Riunito d’urgenza il comitato per l’ordine e la sicurezza, che ha chiesto al ministero dell’Interno di potenziare la scorta al magistrato
«Di Matteo deve morire. Fosse l’ultima cosa che faccio. E con lui tutti i pm della trattativa». Così avrebbe urlato Totò Riina, secondo la ricostruzione fatta da Salvo Palazzolo per il quotidiano “la Repubblica”, dalla sua cella del carcere milanese di Opera. Il boss di Cosa nostra avrebbe confidato a un compagno di reclusione. Confidenze che non sono sfuggite a un agente di polizia penitenziaria. Nino Di Matteo, ricordiamo, è il sostituto procuratore di Palermo e rappresenta l’accusa nel processo sulla trattativa Stato-mafia, avviata dopo le stragi del 1992.
Ennesima allerta, quindi, a Palermo, dove lunedì scorso si è riunito d’urgenza il comitato per l’ordine e la sicurezza presieduto dal prefetto Francesca Cannizzo. Per Di Matteo si è anche valutata l’ipotesi di trasferirlo in una località segreta con la famiglia, così come accadde per i giudici Borsellino e Falcone nel 1985, quando restarono per quasi un mese all’Asinara. Per il momento, però, il comitato provinciale ha preferito chiedere un ulteriore impegno da parte del ministero dell’Interno, rafforzando la scorta del pm. In particolare, si chiede di fornire gli agenti che si occupano della sua sicurezza di un “Bomb Jammer”, ovvero un dispositivo antibomba in grado di bloccare i segnali radio dei telecomandi nel raggio di duecento metri.
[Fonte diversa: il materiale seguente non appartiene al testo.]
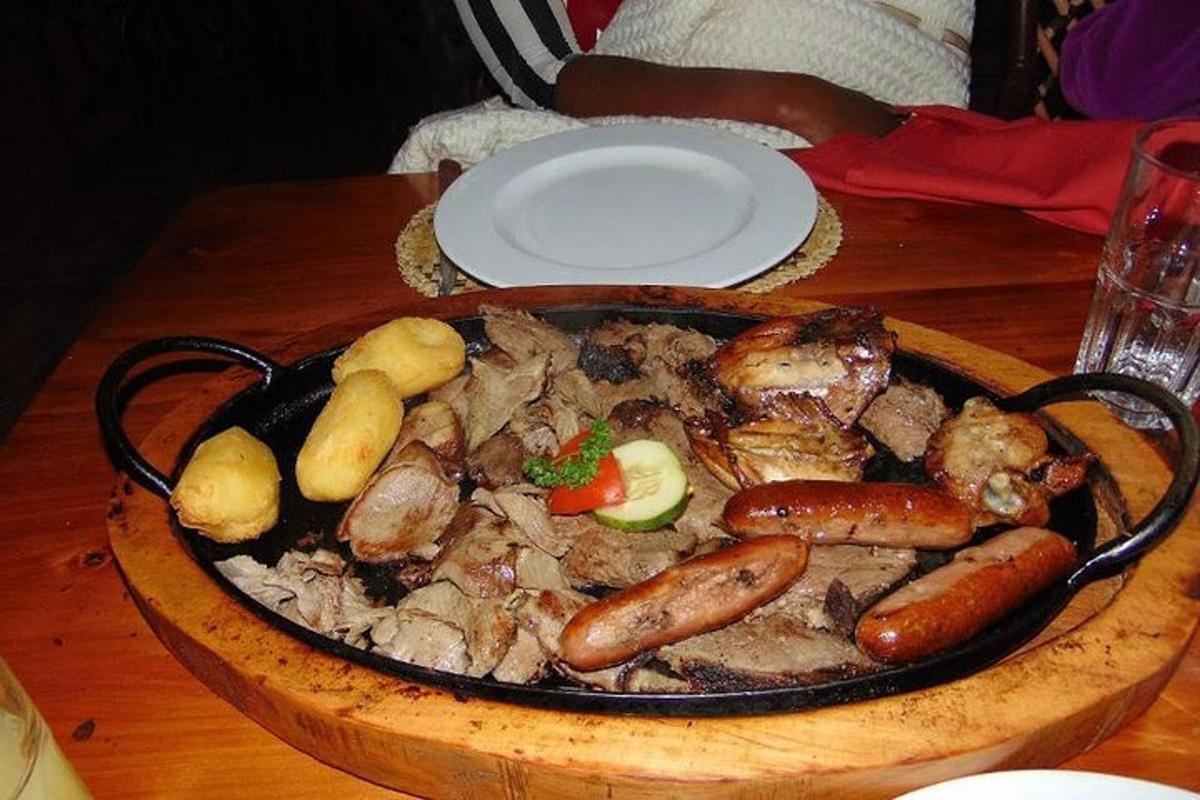 un plat de menjar sobre una taula de fusta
Secondo il comitato per l’ordine e la sicurezza, Nino Di Matteo non sarebbe l’unico magistrato nel mirino di Totò Riina. Anche il procuratore generale di Palermo Roberto Scarpinato sarebbe in pericolo. Il pm si è occupato a Caltanissetta della revisione del processo per la strage di via D’Amelio, scagionando otto persone e puntando l’indice contro i fedelissimi del “capo dei capi”.